Au cours de la soirée, des moments relativement calmes alternent avec de fortes rafales, qui peuvent aussi apporter une bonne pluie. Le vent produit sans cesse de nouveaux sons sur son chemin à travers les mâts, les drisses, les haubans et les voiles. Le port entier devient un instrument, comme un grand synthétiseur en cours d'accordage. Avec le bruit, mon adrénaline monte aussi. J'estime que les rafales atteignent 50 nœuds en fin de soirée. Les bateaux se balancent d'avant en arrière, les mâts menacent de se toucher, la nature montre ses griffes, et je ne peux rien faire d'autre que de rester debout à la descente et de prendre un cachet contre la douleur. À partir de quand quitterais-je mon bateau, qu'emporterais-je, devrais-je préparer un sac de couchage, dans le port ? Ce sont les réflexions, déclenchées par des messages personnels : "Tu dois quitter ton bateau", "Tu mets éventuellement d'autres personnes en danger", "Fais attention à toi".
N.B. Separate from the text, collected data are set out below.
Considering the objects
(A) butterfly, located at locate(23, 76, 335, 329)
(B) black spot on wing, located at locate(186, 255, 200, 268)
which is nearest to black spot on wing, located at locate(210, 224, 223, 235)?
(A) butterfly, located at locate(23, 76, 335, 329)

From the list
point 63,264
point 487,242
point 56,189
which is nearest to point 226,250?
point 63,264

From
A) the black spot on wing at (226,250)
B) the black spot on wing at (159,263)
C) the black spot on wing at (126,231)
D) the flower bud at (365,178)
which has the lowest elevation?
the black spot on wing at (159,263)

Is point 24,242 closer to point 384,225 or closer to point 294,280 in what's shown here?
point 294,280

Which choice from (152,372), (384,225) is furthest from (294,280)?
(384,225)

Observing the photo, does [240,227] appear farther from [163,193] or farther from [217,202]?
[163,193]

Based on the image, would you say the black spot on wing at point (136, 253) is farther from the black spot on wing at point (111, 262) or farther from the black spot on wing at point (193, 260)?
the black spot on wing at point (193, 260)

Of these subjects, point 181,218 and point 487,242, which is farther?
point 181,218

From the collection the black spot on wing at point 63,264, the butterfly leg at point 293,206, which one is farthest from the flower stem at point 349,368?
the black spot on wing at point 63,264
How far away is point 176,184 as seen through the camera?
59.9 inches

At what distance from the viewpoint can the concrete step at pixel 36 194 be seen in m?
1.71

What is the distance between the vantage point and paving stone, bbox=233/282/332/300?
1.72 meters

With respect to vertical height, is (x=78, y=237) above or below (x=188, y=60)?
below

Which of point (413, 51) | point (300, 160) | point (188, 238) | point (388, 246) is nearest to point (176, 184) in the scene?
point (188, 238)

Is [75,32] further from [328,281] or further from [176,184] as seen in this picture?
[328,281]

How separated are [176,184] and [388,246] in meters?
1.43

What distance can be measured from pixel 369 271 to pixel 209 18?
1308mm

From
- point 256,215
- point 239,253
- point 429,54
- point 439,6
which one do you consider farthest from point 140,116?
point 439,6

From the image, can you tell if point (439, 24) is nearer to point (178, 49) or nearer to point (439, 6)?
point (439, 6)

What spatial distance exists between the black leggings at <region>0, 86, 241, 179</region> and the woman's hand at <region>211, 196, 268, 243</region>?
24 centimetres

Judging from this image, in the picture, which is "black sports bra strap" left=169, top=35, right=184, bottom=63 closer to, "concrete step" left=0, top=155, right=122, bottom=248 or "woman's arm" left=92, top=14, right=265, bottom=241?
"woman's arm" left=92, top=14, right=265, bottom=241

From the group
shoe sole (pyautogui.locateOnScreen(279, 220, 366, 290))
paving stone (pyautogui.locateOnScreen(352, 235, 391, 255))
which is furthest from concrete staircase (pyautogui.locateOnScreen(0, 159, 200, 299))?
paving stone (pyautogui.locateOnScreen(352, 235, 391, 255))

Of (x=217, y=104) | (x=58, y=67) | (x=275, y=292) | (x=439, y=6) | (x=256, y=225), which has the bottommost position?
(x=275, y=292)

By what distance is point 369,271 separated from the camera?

Peu à peu, je m'habitue aux fortes oscillations du bateau, qui sont amorties en douceur par mes amarres et mes défenses, mon "African Queen" danse avec la tempête Ciarán. Telle une danseuse de tango, elle capte les signaux et les transforme en mouvements harmonieux. Je gagne en confiance dans le port et dans mon amarrage, mais où est la limite ?
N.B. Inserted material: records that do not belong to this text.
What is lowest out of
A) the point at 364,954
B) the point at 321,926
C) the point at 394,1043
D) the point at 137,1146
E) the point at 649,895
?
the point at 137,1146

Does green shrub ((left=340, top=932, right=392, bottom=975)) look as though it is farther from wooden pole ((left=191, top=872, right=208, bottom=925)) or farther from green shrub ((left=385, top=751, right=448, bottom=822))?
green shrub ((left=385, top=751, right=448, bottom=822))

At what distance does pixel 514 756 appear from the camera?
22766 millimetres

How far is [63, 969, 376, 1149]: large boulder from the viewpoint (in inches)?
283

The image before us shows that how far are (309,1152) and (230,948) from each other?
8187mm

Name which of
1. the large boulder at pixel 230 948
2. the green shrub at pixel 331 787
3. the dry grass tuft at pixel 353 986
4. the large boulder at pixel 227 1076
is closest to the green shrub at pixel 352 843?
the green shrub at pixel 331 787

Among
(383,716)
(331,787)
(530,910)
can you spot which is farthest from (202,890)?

Ciarán joue de l'orgue dans les gréements

Ciarán joue toujours de nouvelles notes et augmente le volume, je n'ai jamais entendu un tel sifflement. Les bateaux frappent contre les passerelles, les premières lignes d'emmagasinage se rompent et les voiles d'avant se déchirent, le flottement s'ajoute comme un nouveau son continu. Ciarán a atteint Brest, ma joie est limitée, au moins à partir de maintenant, ça ne sera plus pire. Les rafales annoncées de 70 nœuds sont là. La lune passe brièvement à travers un trou dans les nuages et renforce le drame du moment. Mon vieux baromètre a déplacé l'aiguille une fois de plus, à un endroit où elle n'a jamais été.
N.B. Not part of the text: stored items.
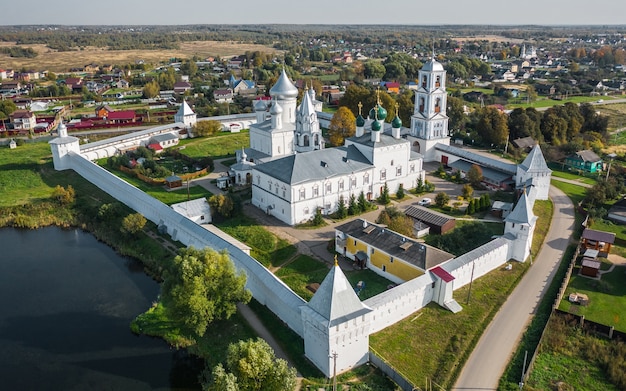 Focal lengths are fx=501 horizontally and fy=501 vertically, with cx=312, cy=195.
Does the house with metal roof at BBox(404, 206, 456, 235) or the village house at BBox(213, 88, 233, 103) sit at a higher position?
the village house at BBox(213, 88, 233, 103)

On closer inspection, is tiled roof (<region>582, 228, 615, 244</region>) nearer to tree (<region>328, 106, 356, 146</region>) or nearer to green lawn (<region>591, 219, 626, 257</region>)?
green lawn (<region>591, 219, 626, 257</region>)

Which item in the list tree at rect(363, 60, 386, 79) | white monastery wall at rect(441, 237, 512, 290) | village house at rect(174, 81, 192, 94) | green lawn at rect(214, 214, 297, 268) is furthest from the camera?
tree at rect(363, 60, 386, 79)

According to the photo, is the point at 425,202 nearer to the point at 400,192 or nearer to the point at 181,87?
the point at 400,192

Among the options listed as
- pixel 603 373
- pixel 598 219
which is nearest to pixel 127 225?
pixel 603 373

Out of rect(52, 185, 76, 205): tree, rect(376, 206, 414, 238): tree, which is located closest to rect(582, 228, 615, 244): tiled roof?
rect(376, 206, 414, 238): tree

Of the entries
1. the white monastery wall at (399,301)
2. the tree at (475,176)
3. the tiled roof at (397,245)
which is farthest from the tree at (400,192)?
the white monastery wall at (399,301)

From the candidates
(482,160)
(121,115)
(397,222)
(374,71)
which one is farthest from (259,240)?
(374,71) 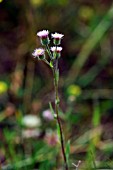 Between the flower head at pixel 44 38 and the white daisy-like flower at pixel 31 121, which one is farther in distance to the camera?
the white daisy-like flower at pixel 31 121

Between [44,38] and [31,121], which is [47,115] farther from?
[44,38]

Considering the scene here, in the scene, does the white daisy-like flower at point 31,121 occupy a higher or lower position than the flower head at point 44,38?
lower

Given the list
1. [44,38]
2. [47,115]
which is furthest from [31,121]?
[44,38]

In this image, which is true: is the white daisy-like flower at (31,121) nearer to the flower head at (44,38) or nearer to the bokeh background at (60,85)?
the bokeh background at (60,85)

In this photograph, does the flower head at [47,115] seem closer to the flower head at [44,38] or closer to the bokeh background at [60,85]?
the bokeh background at [60,85]

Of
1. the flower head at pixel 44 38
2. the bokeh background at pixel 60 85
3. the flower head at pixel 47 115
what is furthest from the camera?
the flower head at pixel 47 115

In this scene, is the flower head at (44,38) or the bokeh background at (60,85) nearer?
the flower head at (44,38)

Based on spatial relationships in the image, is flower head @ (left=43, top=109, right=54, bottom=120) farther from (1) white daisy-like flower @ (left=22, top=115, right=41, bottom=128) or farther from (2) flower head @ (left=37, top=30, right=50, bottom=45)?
(2) flower head @ (left=37, top=30, right=50, bottom=45)

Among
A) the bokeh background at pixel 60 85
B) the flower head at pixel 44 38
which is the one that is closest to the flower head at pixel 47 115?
→ the bokeh background at pixel 60 85

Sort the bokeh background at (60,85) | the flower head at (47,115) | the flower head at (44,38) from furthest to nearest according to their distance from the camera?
the flower head at (47,115), the bokeh background at (60,85), the flower head at (44,38) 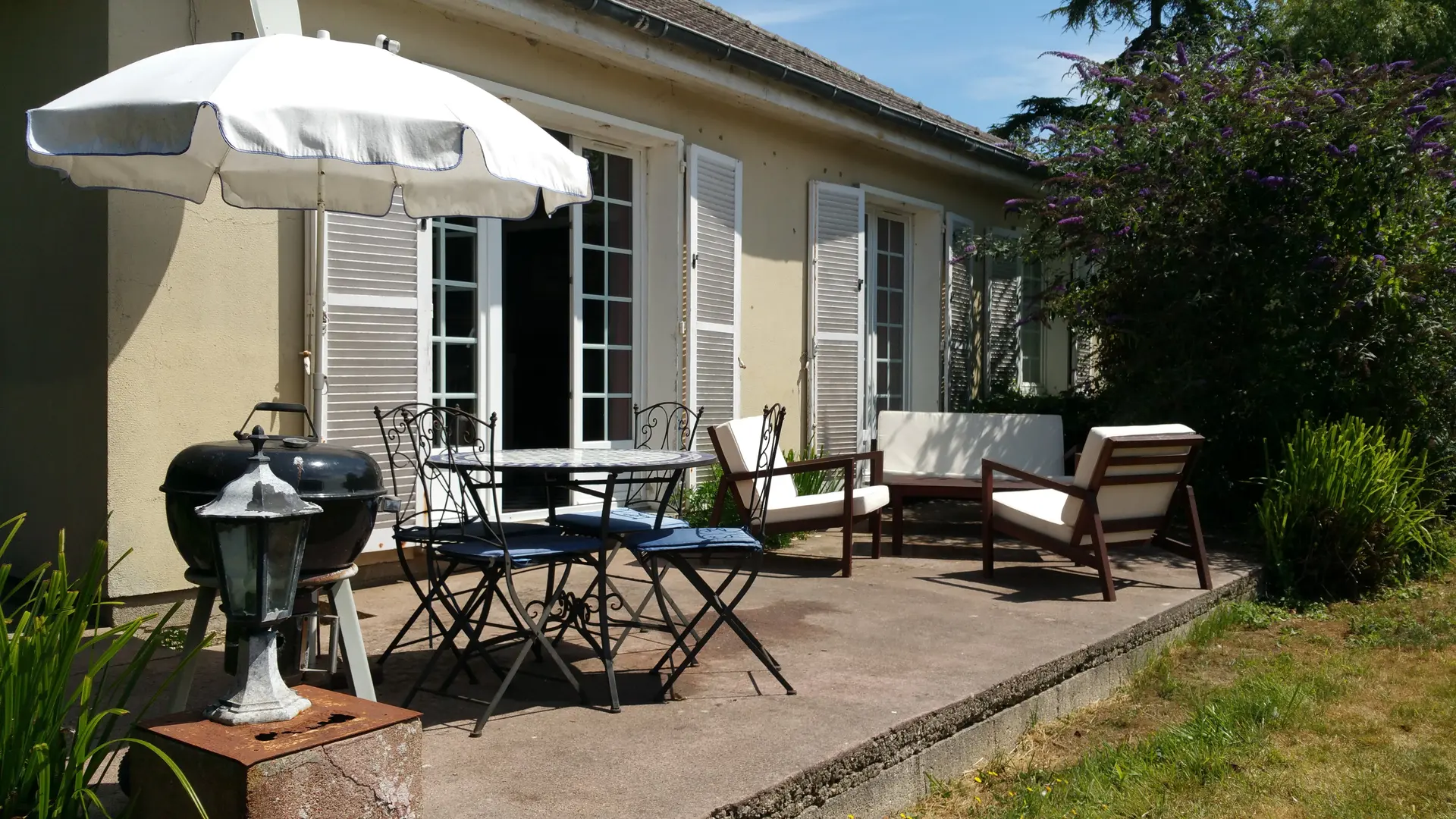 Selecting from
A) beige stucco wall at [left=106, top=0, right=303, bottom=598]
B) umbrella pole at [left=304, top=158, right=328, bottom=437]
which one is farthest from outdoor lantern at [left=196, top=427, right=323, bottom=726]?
beige stucco wall at [left=106, top=0, right=303, bottom=598]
Vêtu d'un ciré et de bottes, prêt à quitter le bateau à tout moment, je reste près de la descente et contemple ce tableau bruyant, sauvage et toujours identique. Chaque fois que le calme revient et que j'envisage de dormir, une autre rafale arrive avec la même force et la même dureté. Ce n'est que vers 4 heures du matin que cela se calme et que je trouve enfin un peu de sommeil. Au matin, les vents forts ressemblent à des calmes, et je me promène dans le port pour constater les dégâts. Grâce à de bonnes prévisions, à un port sûr et à des propriétaires de bateaux réfléchis, il s'est passé relativement peu de choses. Quelques dégâts sur des bateaux, un tri replié s'est renversé, un bateau a pris de la gîte et certaines voiles ne peuvent que devenir des poches. C'est relativement peu pour la force de la tempête. Je suis à nouveau riche d'une expérience et très heureux et reconnaissant de m'en être sorti indemne. Mes amis danois ont subi quelques dégâts sur leur yacht à Camaret, peut-être auraient-ils pris une autre décision avec le recul.

Sur Marine Traffic, on a pu observer à quel point la navigation commerciale professionnelle n'est pas impressionnée par Ciarán. Le commerce ne connaît pas la tempête.